Anyone have experience with them? I know they are individuals who work within the network under the Company name and each trainer could be different just wondering what everyones experience is or if anyone has experience for that matter. I like the idea of having an in home trainer that is going to work with the environment and triggers here within our home / area. But I have not heard anything about them. (they are one of 3 trainers I am interviewing this weekend)


Dog Training | Dog Obedience & Aggressive Behavior Training | Puppy Trainers


----------



## onyx'girl (May 18, 2007)

I've not heard many good reviews....though each individual trainer should be taken into consideration. I don't like the throw chain method(not sure they still use that!) One lady I know had two little yorkies and was not happy with BB's. 

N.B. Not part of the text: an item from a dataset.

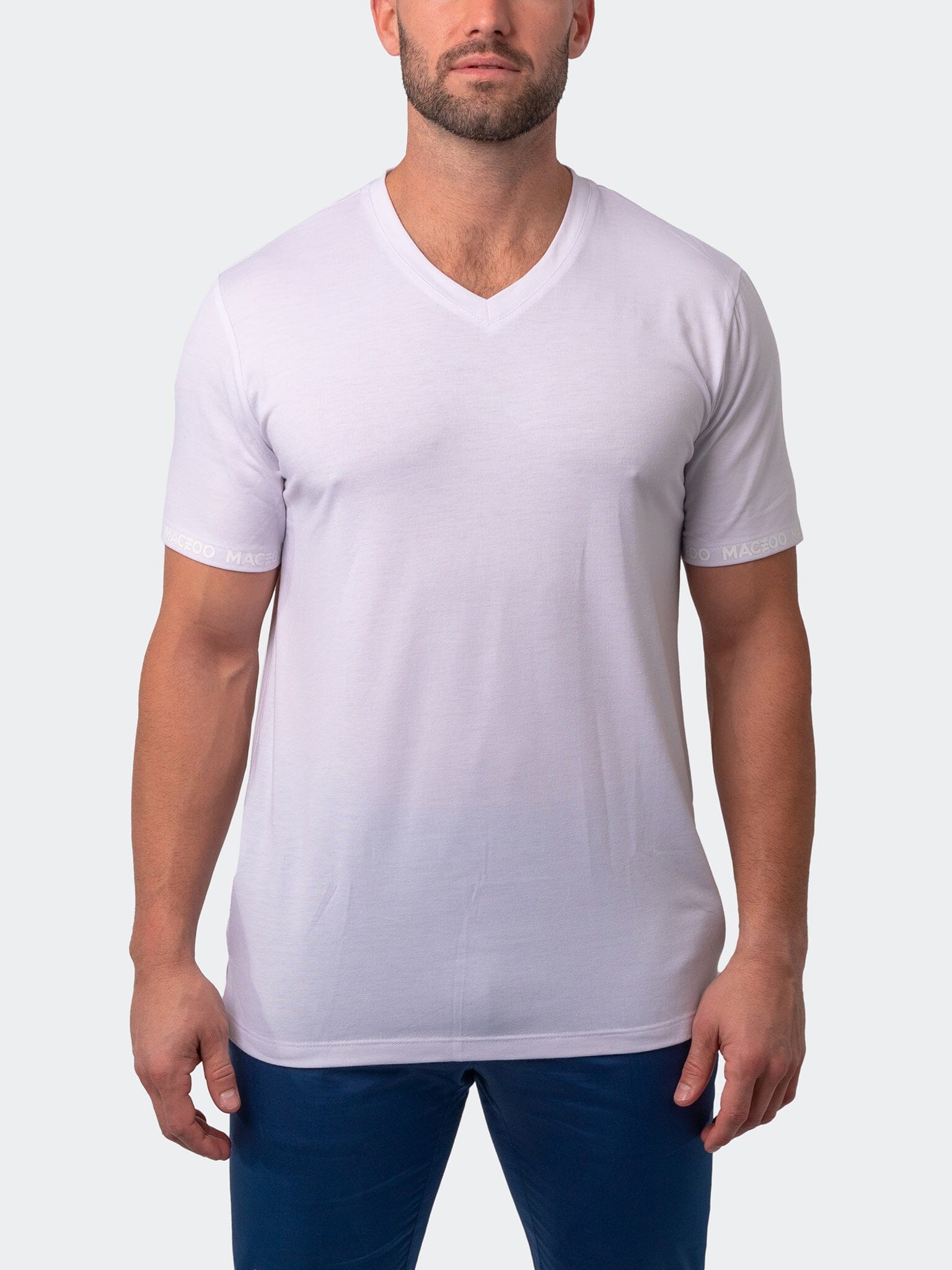 Vivaldi Sleeve White V-Neck Tee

I wouldn't spend my $ on this program....rather go with individual trainer thru personal recommendations, not a franchise.


----------



## Diesel and Lace (Apr 15, 2013)

I have seen bad reviews online about them and some good positive reviews on FB about them. I agree every trainer is different but I am interviewing and their high pressure sales tactics I have read about will get them a one way ticket out my front door. If the solutions they offer are spraying my dog with water or throwing objects at them you can bet your paycheck that I will not only give them a piece of my mind, I will not-so-kindly remove them from my home. The trainer that I have choose (there were 3 in my area) is the only one that is also a behaviorist so we shall see what this behaviorist has to offer me in behavior modification. I don't want to go into anything with a negative opinion so I will keep my mind open to what they have to offer but they will not be leaving here with a contract as they are 1st in line and I want others opinions. These are my kids and like any good parent I will get a second and third opinion to make the decision on what is best for my pet. Thanks for your response!


----------